The implementation details and definition of similarity are what differentiate the many clustering algorithms.
K-Neighbours is a supervised classification algorithm. If clustering is the process of separating your samples into groups, then classification would be the process of assigning samples into those groups. Given a set of groups, take a set of samples and mark each sample as being a member of a group. Each group being the correct answer, label, or classification of the sample.
The K-Nearest Neighbours - or K-Neighbours - classifier, is one of the simplest machine learning algorithms.
K-Nearest Neighbours works by first simply storing all of your training data samples.
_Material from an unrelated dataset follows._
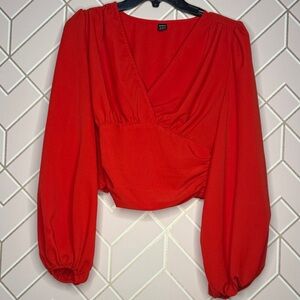 Vibrant Red Puff Sleeve Blouse Medium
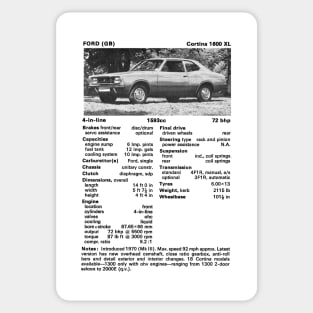 FORD CORTINA - technical data Sticker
Then in the future, when you attempt to check the classification of a new, never-before seen sample, it finds the nearest "K" number of samples to it from within your training data. You must have numeric features in order for 'nearest' to be meaningful. There are other methods you can use for categorical features. For example you can use bag of words to vectorize your data. SciKit-Learn's K-Nearest Neighbours only supports numeric features, so you'll have to do whatever has to be done to get your data into that format before proceeding. The distance will be measures as a standard Euclidean
With the nearest neighbors found, K-Neighbours looks at their classes and takes a mode vote to assign a label to the new data point. Further extensions of K-Neighbours can take into account the distance to the samples to weigh their voting power. Each new prediction or classification made, the algorithm has to again find the nearest neighbors to that sample in order to call a vote for it. This process is where a majority of the time is spent, so instead of using brute force to search the training data as if it were stored in a list, tree structures are used instead to optimize the search times. Due to this, the number of classes in dataset doesn't have a bearing on its execution speed. Only the number of records in your training data set.
A unique feature of supervised classification algorithms are their decision boundaries, or more generally, their n-dimensional decision surface: a threshold or region where if superseded, will result in your sample being assigned that class.
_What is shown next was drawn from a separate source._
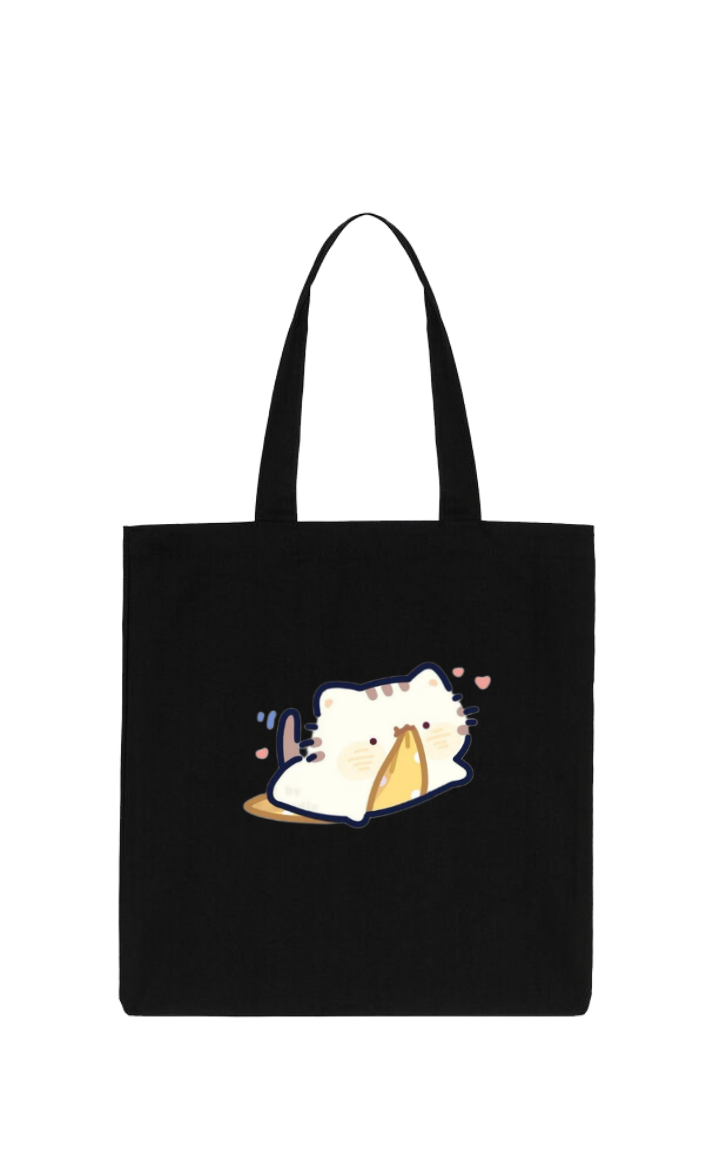 cat tote bag Black 114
The decision surface isn't always spherical. In fact, it can take many different types of shapes depending on the algorithm that generated it.
For K-Neighbours, generally the higher your "K" value, the smoother and less jittery your decision surface becomes. Higher K values also result in your model providing probabilistic information about the ratio of samples per each class. There is a tradeoff though, as higher K values mean the algorithm is less sensitive to local fluctuations since farther samples are taken into account. This causes it to only model the overall classification function without much attention to detail, and increases the computational complexity of the classification.
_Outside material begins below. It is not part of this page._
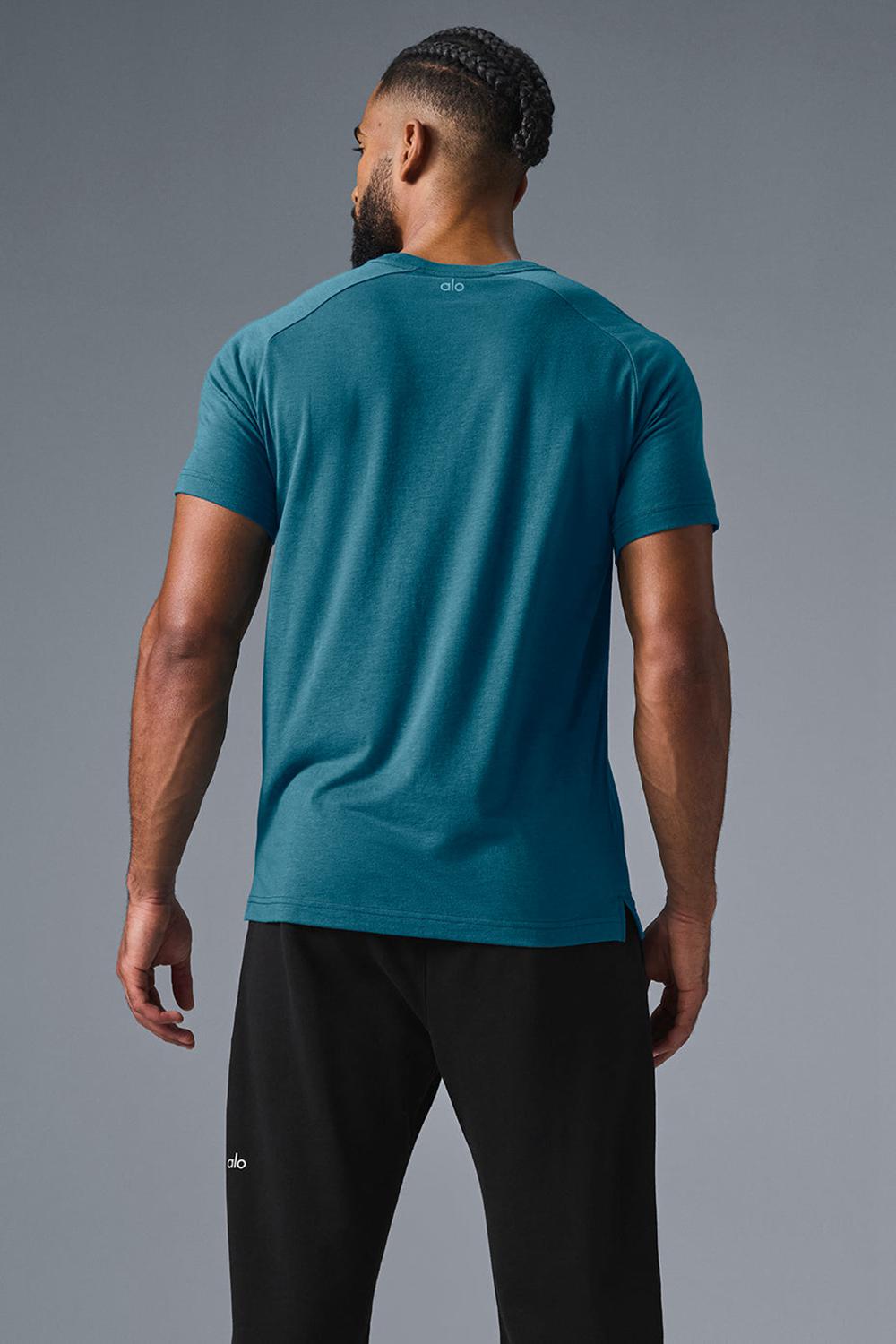Alo Yoga Triumph Raglan Uomo Tee Oceanic Teal | Italia  TSX-287049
K-Neighbours is particularly useful when no other model fits your data well, as it is a parameter free approach to classification. So for example, you don't have to worry about things like your data being linearly separable or not.
Some of the caution-points to keep in mind while using K-Neighbours is that your data needs to be measurable. If there is no metric for discerning distance between your features, K-Neighbours cannot help you. As with all algorithms dependent on distance measures, it is also sensitive to feature scaling. K-Neighbours is also sensitive to perturbations and the local structure of your dataset, particularly at lower "K" values.